Search code examples
pythonamazon-web-servicesscikit-learnamazon-sagemaker

How to pass dependency files to sagemaker SKLearnProcessor and use it in Pipeline?


I need to import function from different python scripts, which will used inside preprocessing.py file. I was not able to find a way to pass the dependent files to SKLearnProcessor Object, due to which I am getting ModuleNotFoundError.

Code:

from sagemaker.sklearn.processing import SKLearnProcessor
from sagemaker.processing import ProcessingInput, ProcessingOutput

sklearn_processor = SKLearnProcessor(framework_version='0.20.0',
                                     role=role,
                                     instance_type='ml.m5.xlarge',
                                     instance_count=1)

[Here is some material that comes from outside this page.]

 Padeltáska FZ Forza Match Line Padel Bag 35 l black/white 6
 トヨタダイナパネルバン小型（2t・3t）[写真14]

sklearn_processor.run(code='preprocessing.py',
                      inputs=[ProcessingInput(
                        source=input_data,
                        destination='/opt/ml/processing/input')],
                      outputs=[ProcessingOutput(output_name='train_data',
                                                source='/opt/ml/processing/train'),
                               ProcessingOutput(output_name='test_data',
                                                source='/opt/ml/processing/test')],
                      arguments=['--train-test-split-ratio', '0.2']
                     )

I would like to pass, dependent_files = ['file1.py', 'file2.py', 'requirements.txt']. So, that preprocessing.py have access to all the dependent modules.

And also need to install libraries from requirements.txt file.

Can you share any work around or a right way to do this?

Update-25-11-2021:

Q1.(Answered but looking to solve using FrameworkProcessor)

Here, the get_run_args function, is handling dependencies, source_dir and code parameters by using FrameworkProcessor. Is there any way that we can set this parameters from ScriptProcessor or SKLearnProcessor or any other Processor to set them?

Q2.

Can you also please show some reference to use our Processor as sagemaker.workflow.steps.ProcessingStep and then use in sagemaker.workflow.pipeline.Pipeline?

For having Pipeline, do we need sagemaker-project as mandatory or can we create Pipeline directly without any Sagemaker-Project?


Solution

  • There are a couple of options for you to accomplish that.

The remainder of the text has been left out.